A July 3 Washington Post editorial, headlined "Too Much Mercy," about President Bush's decision to commute the sentence for former vice presidential chief of staff I. Lewis "Scooter" Libby claimed: "Advocates for clemency point to President Bill Clinton, who lied under oath but was not removed from office or put in jail, and to Mr. Clinton's former national security adviser, Samuel R. 'Sandy' Berger, who lied to investigators about sneaking documents from the National Archives but who also received no jail time." But unlike Libby, who was convicted of perjury and obstruction of justice and later sentenced to 30 months in a federal prison, Clinton was acquitted by the Senate and was not indicted on criminal charges by independent counsel Robert Ray or his predecessor Kenneth Starr.
From the July 3 Post editorial:
IN COMMUTING I. Lewis Libby's prison sentence yesterday, President Bush took the advice of, among others, William Otis, a former federal prosecutor who wrote on the opposite page last month that Mr. Libby should neither be pardoned nor sent to prison. We agree that a pardon would have been inappropriate and that the prison sentence of 30 months was excessive. But reducing the sentence to no prison time at all, as Mr. Bush did -- to probation and a large fine -- is not defensible.

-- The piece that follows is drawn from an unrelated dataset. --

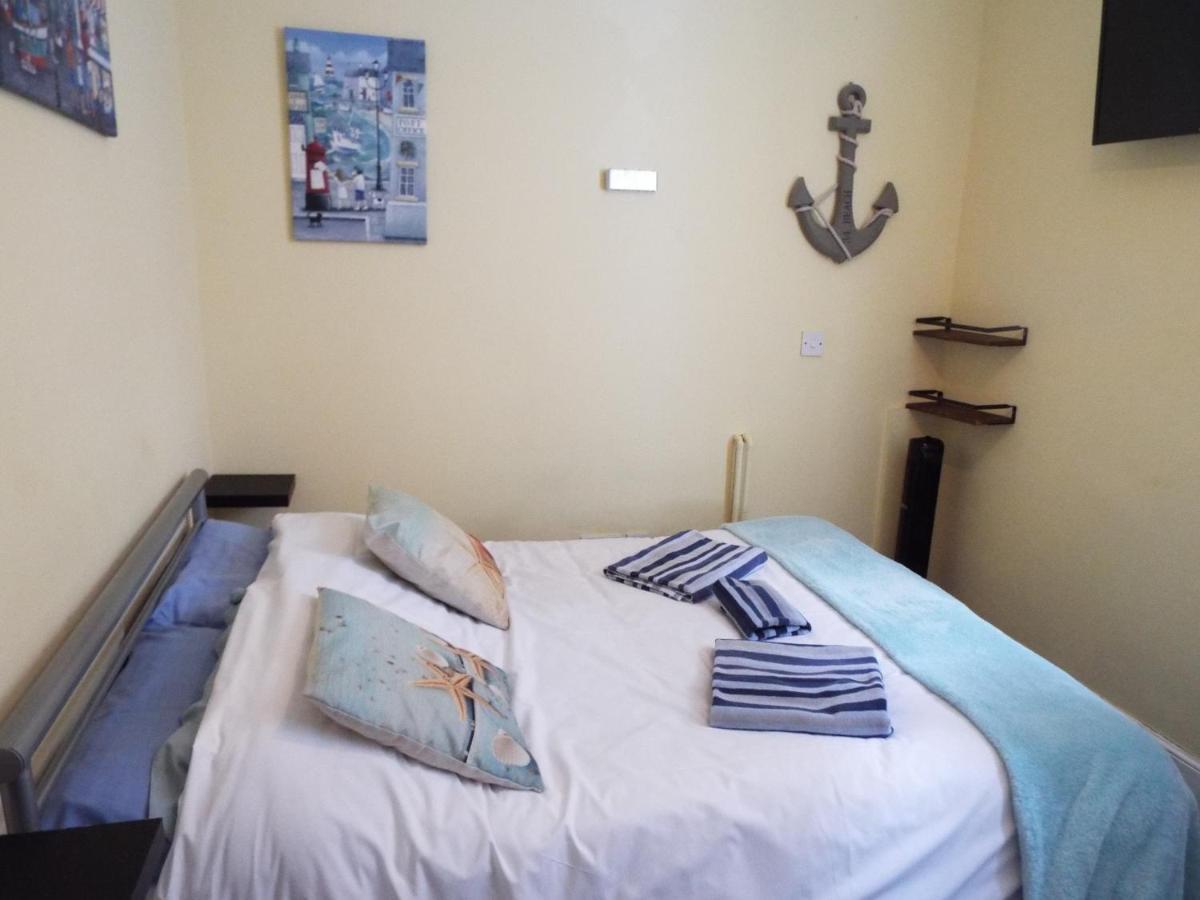 Captain's Quarters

Mr. Libby was convicted in March on charges of perjury, making false statements and obstruction of justice. Vice President Cheney's former chief of staff had told the FBI and a grand jury that he had not leaked the identity of CIA employee Valerie Plame to journalists, but after hearing abundant testimony and carefully deliberating, a jury concluded that he lied. As we wrote at the time of the conviction, lying under oath is unacceptable for anyone, and particularly for a government official. As Mr. Bush said in his statement yesterday, "our entire system of justice relies on people telling the truth. And if a person does not tell the truth, particularly if he serves in government and holds the public trust, he must be held accountable."
Yet there were mitigating factors in this case. After two years of investigation, special prosecutor Patrick J. Fitzgerald charged no one with a crime for leaking Ms. Plame's name; he never demonstrated that a crime occurred. Early on, the prosecutor had learned that the primary source of the disclosure to columnist Robert D. Novak was then-Deputy Secretary of State Richard L. Armitage, who was not charged. Mr. Libby's trial provided convincing evidence that the revelation of Ms. Plame's identity was not the result of a conspiracy to punish her husband, administration critic Joseph C. Wilson IV -- the allegation that caused all the partisan furor surrounding the case and that led to Mr. Fitzgerald's appointment. Advocates for clemency point to President Bill Clinton, who lied under oath but was not removed from office or put in jail, and to Mr. Clinton's former national security adviser, Samuel R. "Sandy" Berger, who lied to investigators about sneaking documents from the National Archives but who also received no jail time.
Add to that Mr. Libby's long and distinguished record of public service, and we sympathize with Mr. Bush's conclusion "that the prison sentence given to Mr. Libby is excessive." The probation office, as the president noted, recommended less time -- 15 to 21 months. But Mr. Bush, while claiming to "respect the jury's verdict," failed to explain why he moved from "excessive" to zero. It's true that the felony conviction that remains in place, the $250,000 fine and the reputational damage are far from trivial. But so is lying to a grand jury. To commute the entire prison sentence sends the wrong message about the seriousness of that offense.